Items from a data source
»»

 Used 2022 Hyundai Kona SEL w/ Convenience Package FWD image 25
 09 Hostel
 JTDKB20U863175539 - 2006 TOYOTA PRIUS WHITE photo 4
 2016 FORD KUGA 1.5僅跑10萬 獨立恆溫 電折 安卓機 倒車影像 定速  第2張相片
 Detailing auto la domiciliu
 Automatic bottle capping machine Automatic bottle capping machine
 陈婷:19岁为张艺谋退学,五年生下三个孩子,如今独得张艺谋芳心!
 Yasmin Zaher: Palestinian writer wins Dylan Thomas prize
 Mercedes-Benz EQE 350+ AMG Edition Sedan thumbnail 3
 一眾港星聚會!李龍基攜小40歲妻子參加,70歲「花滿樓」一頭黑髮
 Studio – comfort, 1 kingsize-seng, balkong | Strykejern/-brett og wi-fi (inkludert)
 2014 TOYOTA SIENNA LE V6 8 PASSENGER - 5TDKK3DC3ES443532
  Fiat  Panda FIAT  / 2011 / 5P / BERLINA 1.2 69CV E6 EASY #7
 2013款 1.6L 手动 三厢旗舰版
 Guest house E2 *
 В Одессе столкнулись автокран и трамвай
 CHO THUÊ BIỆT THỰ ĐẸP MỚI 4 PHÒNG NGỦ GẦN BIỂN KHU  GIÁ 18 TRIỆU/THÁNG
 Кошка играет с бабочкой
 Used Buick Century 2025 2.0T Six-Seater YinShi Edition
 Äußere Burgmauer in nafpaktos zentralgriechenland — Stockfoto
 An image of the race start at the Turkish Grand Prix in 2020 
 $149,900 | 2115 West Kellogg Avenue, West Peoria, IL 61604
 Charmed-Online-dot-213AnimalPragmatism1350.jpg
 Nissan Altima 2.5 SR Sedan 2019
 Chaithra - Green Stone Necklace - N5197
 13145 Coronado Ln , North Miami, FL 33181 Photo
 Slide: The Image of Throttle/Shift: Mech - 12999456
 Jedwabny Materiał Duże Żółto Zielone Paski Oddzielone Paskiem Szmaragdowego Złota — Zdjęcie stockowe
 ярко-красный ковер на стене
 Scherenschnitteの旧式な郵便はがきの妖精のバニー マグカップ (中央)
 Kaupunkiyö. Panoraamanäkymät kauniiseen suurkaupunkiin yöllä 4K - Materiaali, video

««

▶ ASSIGNMENT:
How many of the lines above contain "Edition"? Give the number by itself.

▶ YOUR SOLUTION:
2